[H100 | SM90a] Illegal Instruction in TMA Load (tma_copy_3d) with CUDA 12.9

Device: H100
Compiler: nvcc 12.9
Architecture: sm_90a
Kernel Launch Configuration:
Grid: (2, 66, 1)
Block: (384, 1, 1)
Cluster: (2, 1, 1)
Shared Memory: 94592 bytes

Problem:
When running my SpMM kernel with compute-sanitizer, I encountered multiple Illegal Instruction errors.

Error Summary:

  1. Illegal instruction occurs in tma_copy_3d.
========= ========= Illegal instruction
=========     at tma_copy_3d+0x14e90 in h_SpMM_Kernel.cuh:337
=========     by thread (0,0,0) in block (0,4,0)
=========         Device Frame: load+0x14ec0 in h_SpMM_Kernel.cuh:1462
=========         Device Frame: void Kernel<h_spinfer::HTilingConfig<(int)4, (int)1, (int)1, (int)1>, __half, __half, float, float>(const __half *, const __half *, const int *, const int *, const int *, const unsigned long *, const int *, const __half *, __half *, __half *, int, int, int, int, CUtensorMap_st)+0x165f0 in h_SpMM_Kernel.cuh:1902
=========     Saved host backtrace up to driver entry point at kernel launch time
=========         Host Frame: cudaLaunchKernelExC [0x83103] in spmm_test
=========         Host Frame: void SpMM_SplitK_Kernel_Ex_bitmap_v4<h_spinfer::HTilingConfig<4, 1, 1, 1> >(CUstream_st*, __half const*, __half const*, int const*, int const*, int const*, unsigned long const*, int const*, __half const*, __half*, __half*, int, int, int, int) in h_SpMM_API.cu:120 [0x13f81] in spmm_test
=========         Host Frame: SpMM_SplitK_API_bitmap_v4(CUstream_st*, __half const*, __half const*, int const*, int const*, int const*, unsigned long const*, int const*, __half const*, __half*, int, int, int, __half*, int) in h_SpMM_API.cu:158 [0x132b5] in spmm_test
=========         Host Frame: main in spmm_test.cu:576 [0xc3e7] in spmm_test
========= 
  • This corresponds to the tma_copy_3d function in my code.
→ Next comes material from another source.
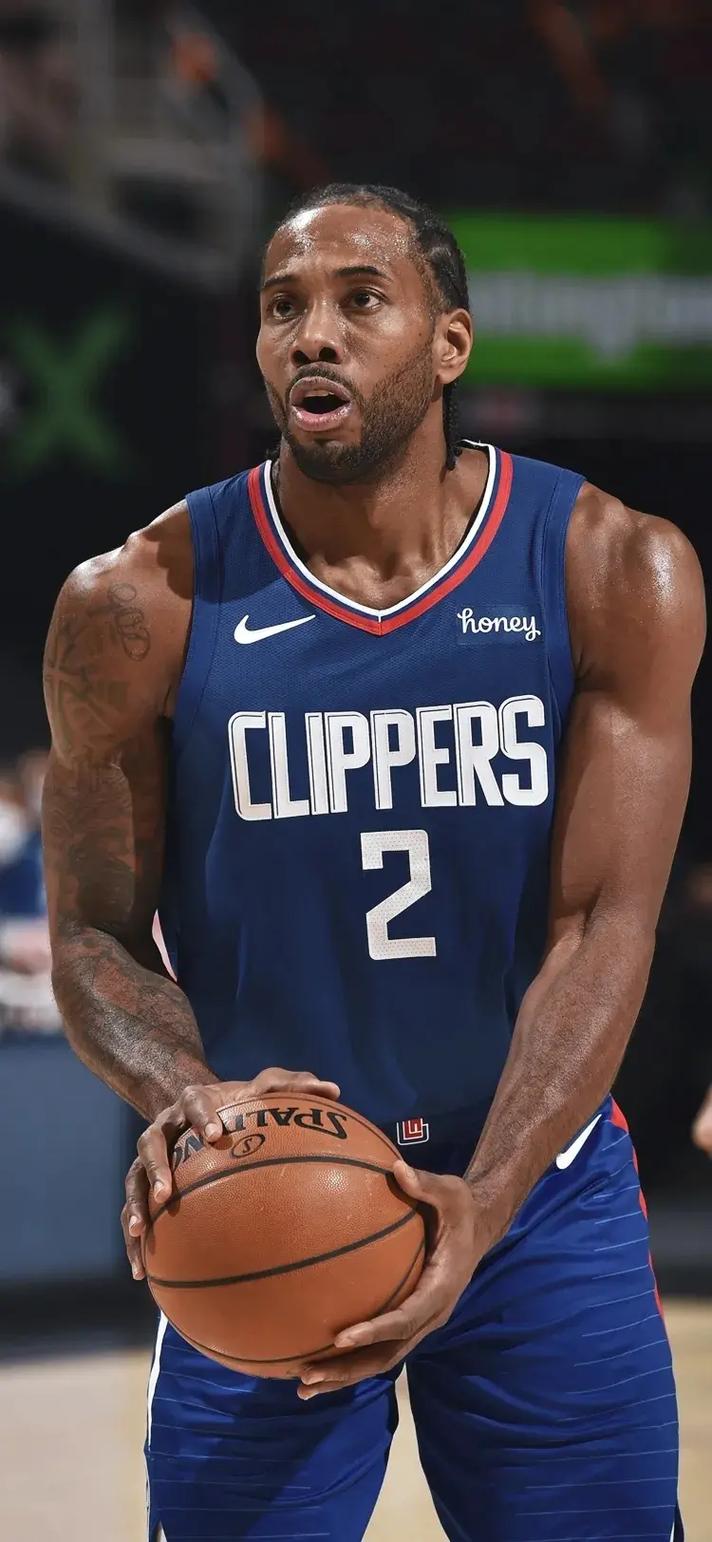 巴萨对阵贝蒂斯大名单：德容、费尔明回归，奥尔莫缺阵（巴萨战贝蒂斯名单出炉：德容、费尔明复出，奥尔莫缺席）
  1. Illegal instruction at __cvta_generic_to_shared, traced to cast_smem_ptr_to_uint at h_SpMM_Kernel.cuh:330, also inside tma_copy_3d.
========= Illegal instruction
=========     at cast_smem_ptr_to_uint+0x14c50 in common.h:403
=========     by thread (0,0,0) in block (0,5,0)
=========         Device Frame: tma_copy_3d+0x14ca0 in h_SpMM_Kernel.cuh:330
=========         Device Frame: load+0x14ec0 in h_SpMM_Kernel.cuh:1462
=========         Device Frame: void Kernel<h_spinfer::HTilingConfig<(int)4, (int)1, (int)1, (int)1>, __half, __half, float, float>(const __half *, const __half *, const int *, const int *, const int *, const unsigned long *, const int *, const __half *, __half *, __half *, int, int, int, int, CUtensorMap_st)+0x165f0 in h_SpMM_Kernel.cuh:1902
=========     Saved host backtrace up to driver entry point at kernel launch time
=========         Host Frame: cudaLaunchKernelExC [0x83103] in spmm_test
=========         Host Frame: void SpMM_SplitK_Kernel_Ex_bitmap_v4<h_spinfer::HTilingConfig<4, 1, 1, 1> >(CUstream_st*, __half const*, __half const*, int const*, int const*, int const*, unsigned long const*, int const*, __half const*, __half*, __half*, int, int, int, int) in h_SpMM_API.cu:120 [0x13f81] in spmm_test
=========         Host Frame: SpMM_SplitK_API_bitmap_v4(CUstream_st*, __half const*, __half const*, int const*, int const*, int const*, unsigned long const*, int const*, __half const*, __half*, int, int, int, __half*, int) in h_SpMM_API.cu:158 [0x132b5] in spmm_test
=========         Host Frame: main in spmm_test.cu:576 [0xc3e7] in spmm_test

  1. Another illegal instruction is triggered after copy_tma_3d, specifically at h_SpMM_Kernel.cuh:1499.
========= Illegal instruction
=========     at load+0x14ef0 in h_SpMM_Kernel.cuh:1499
=========     by thread (0,0,0) in block (0,6,0)
=========         Device Frame: void Kernel<h_spinfer::HTilingConfig<(int)4, (int)1, (int)1, (int)1>, __half, __half, float, float>(const __half *, const __half *, const int *, const int *, const int *, const unsigned long *, const int *, const __half *, __half *, __half *, int, int, int, int, CUtensorMap_st)+0x165f0 in h_SpMM_Kernel.cuh:1902
=========     Saved host backtrace up to driver entry point at kernel launch time
=========         Host Frame: cudaLaunchKernelExC [0x83103] in spmm_test
=========         Host Frame: void SpMM_SplitK_Kernel_Ex_bitmap_v4<h_spinfer::HTilingConfig<4, 1, 1, 1> >(CUstream_st*, __half const*, __half const*, int const*, int const*, int const*, unsigned long const*, int const*, __half const*, __half*, __half*, int, int, int, int) in h_SpMM_API.cu:120 [0x13f81] in spmm_test
=========         Host Frame: SpMM_SplitK_API_bitmap_v4(CUstream_st*, __half const*, __half const*, int const*, int const*, int const*, unsigned long const*, int const*, __half const*, __half*, int, int, int, __half*, int) in h_SpMM_API.cu:158 [0x132b5] in spmm_test
=========         Host Frame: main in spmm_test.cu:576 [0xc3e7] in spmm_test
  • According to the log, the crash happens at h_SpMM_Kernel.cuh:1499. If I uncomment lines 1474–1497, then the crash moves to line 1474, still showing an illegal instruction.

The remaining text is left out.